== What the exercise asks ==
Pictures stay out of the copy. Transcribe exactly the lines from the line with "Conuma Cup - Hard Hats on Ice" through the final line of the records.

Crawled caption data
BEGIN
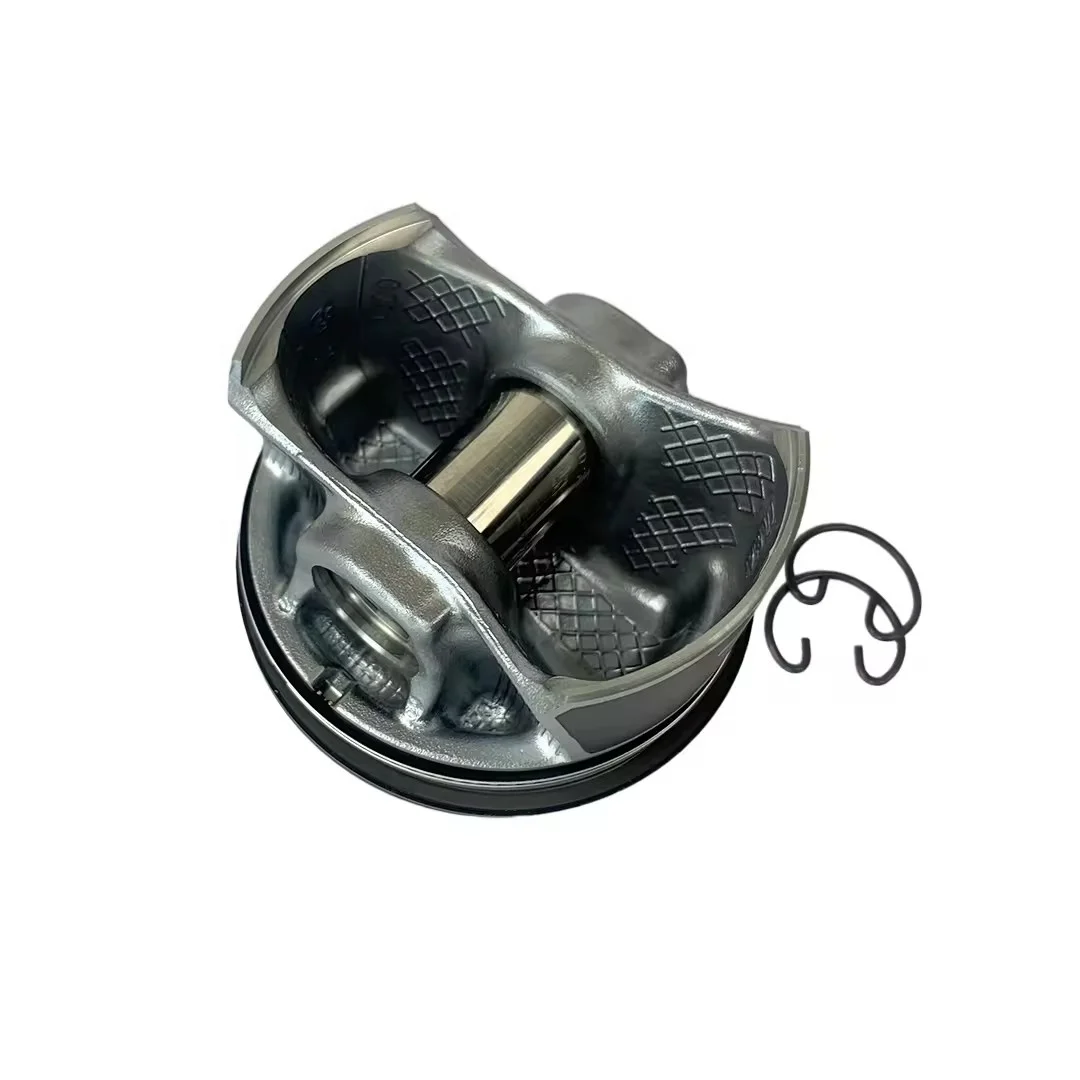 Engine Piston Kit BV2E 6105 CA Cylinder Assy Engine Pistons Used for Ford Fiesta Ecosport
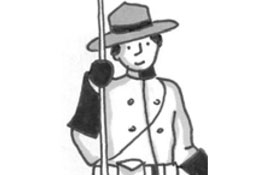 The RCMP are the responsibility of what level of government? — Government, Canadian citizenship test flashcard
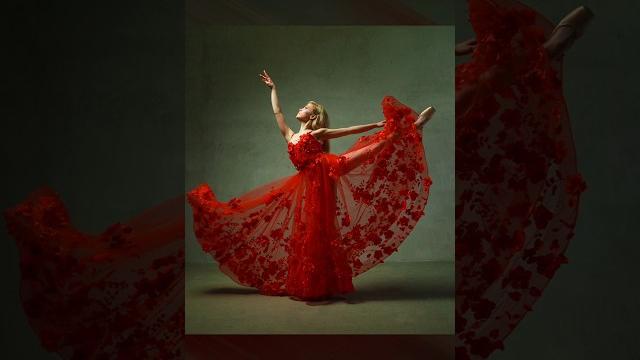 Model poses for photoshoot ballet. model anna Model poses for photoshoot ballet. model anna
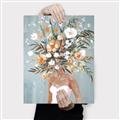 Picture of Flowers Galore _GroupedProduct_Rectangle_Portrait_Canvas_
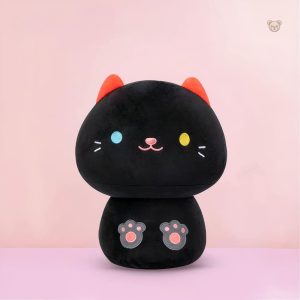 Accessoire de chambre enfant, peluche animal adorable et confortable
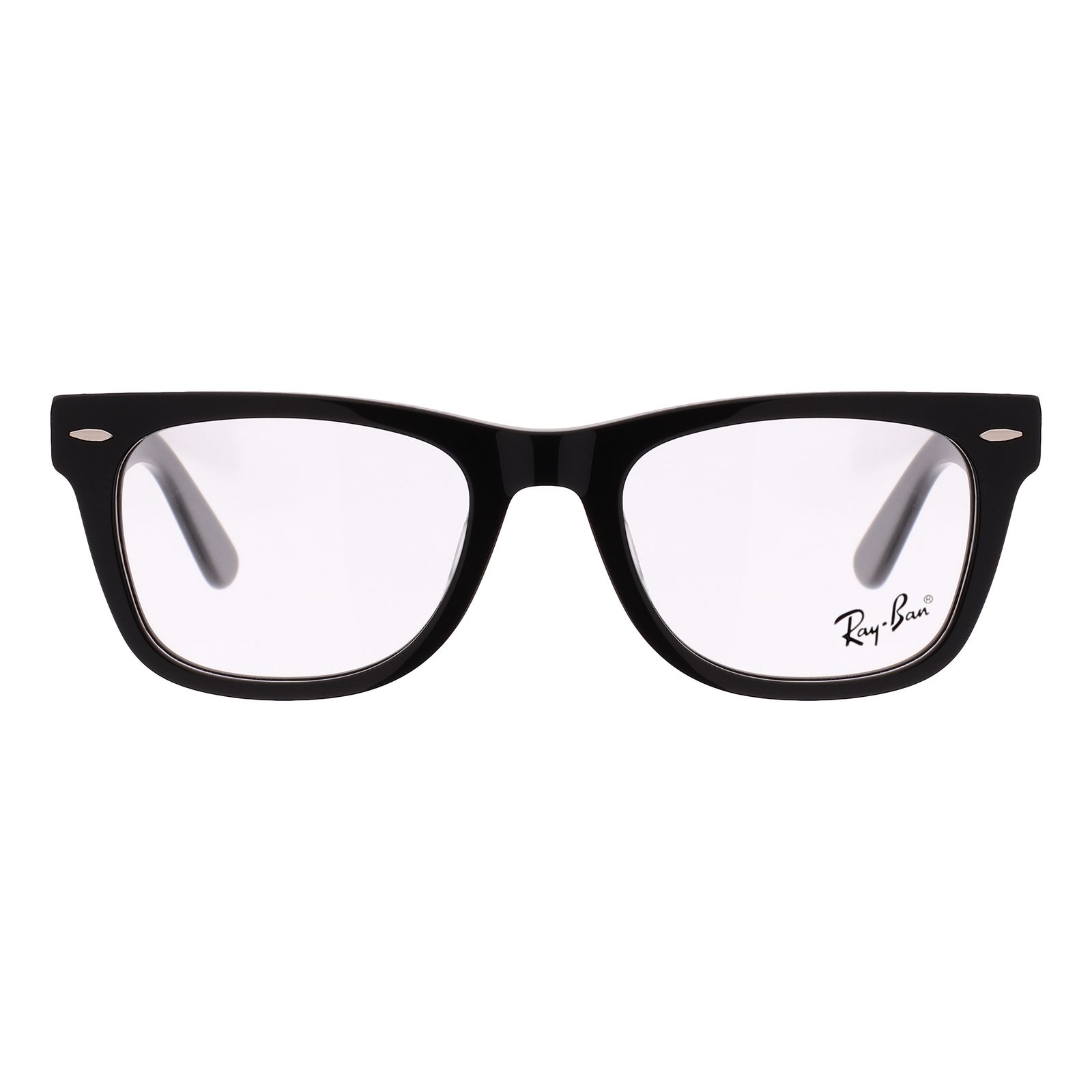 فریم عینک طبی ویفرر (Wayfarer) ری بن مدل 0RB5121-2000 مناسب برای صورت مستطیل، مربع، قلب و بیضی -  - 1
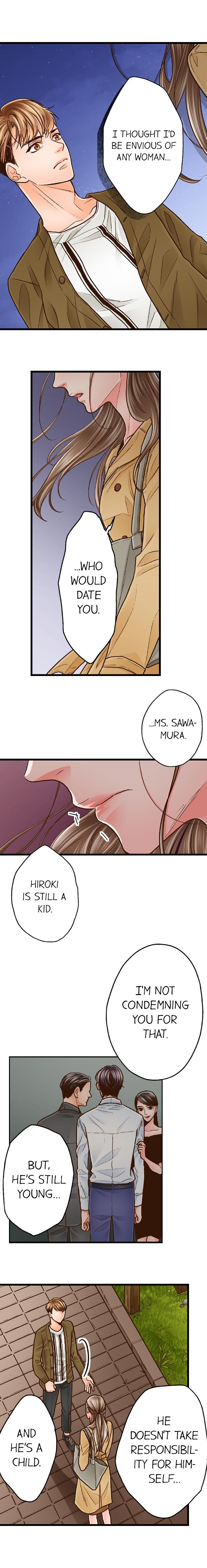 Page 3 of Chapter 63: Yanagihara Is a Sex Addict.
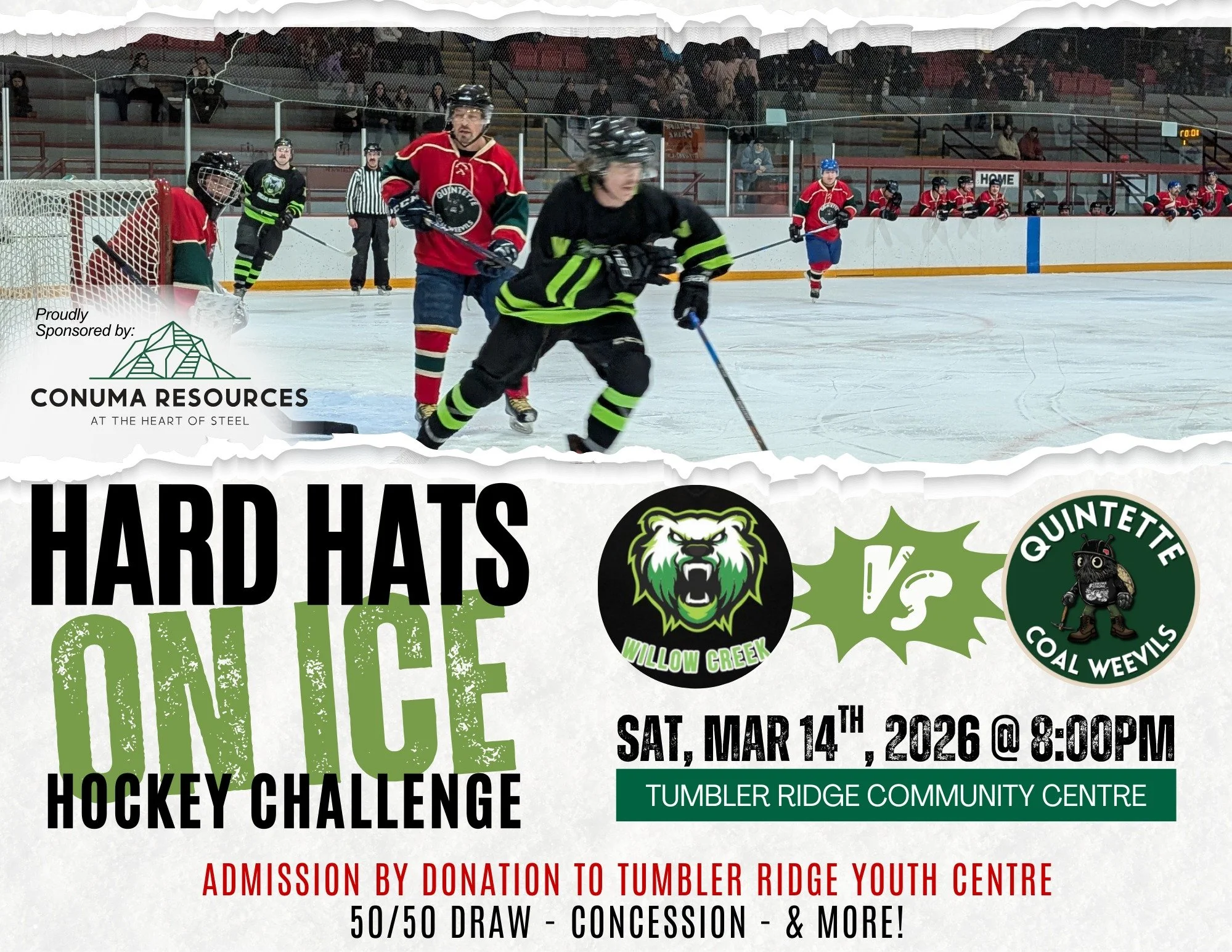 Conuma Cup - Hard Hats on Ice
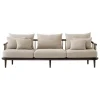 &Tradition Fly SC12 sofa, smoked oak - Karakorum 003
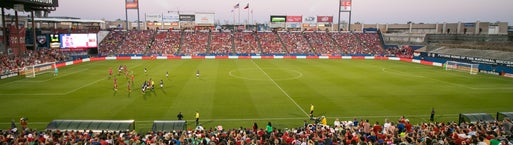 Seat view from Midfield Club West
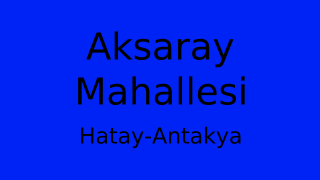 Aksaray Mahallesi Thumbnail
END
== Your response ==
 Conuma Cup - Hard Hats on Ice
 &Tradition Fly SC12 sofa, smoked oak - Karakorum 003
 Seat view from Midfield Club West
 Aksaray Mahallesi Thumbnail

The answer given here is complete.